My Classic FAST Seq is VERY sensitive to the cam sensor setting. I can set it perfectly one 25deg. It will stutter abover 10psi. I move it one way it's worse.. the other way it's fine.

Then if it's too far off it won't even start like what your having. I'd suggest taking a marker and marking where the cam sensor is now. Then go ahead and move it a little one way and then after several moves and tests starting go back to center and go the other way. Once you have it set you should be fine.
I bet it's just not on the sweet spot.
~Scott
 
We ran another series of test today.
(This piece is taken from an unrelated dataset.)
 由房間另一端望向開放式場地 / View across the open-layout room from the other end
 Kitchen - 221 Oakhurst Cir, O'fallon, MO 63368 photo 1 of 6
I can get the injectors to fire by running a a 12v source to the C3I module term c and got the injectors to pulse. And I can connect the B and C treminals on the crank sensor plug and get the injectors to pulse. Is it possible for a crank sensor to be bad and still show RPM on the FAST dash?

Thanks All
 
Update... I put a new crank sensor on the car tonight. Tried to start the car no luck. I then started to turn the cam sensor counter clock wise then I got the car to run for about 3 seconds then it would die. Any suggestions on what my next move should be?

Thanks
 
Mark the cam sensor so you have a idea where that 25deg mark is then move it one way a little at a time till it runs if not back to center and back the other way.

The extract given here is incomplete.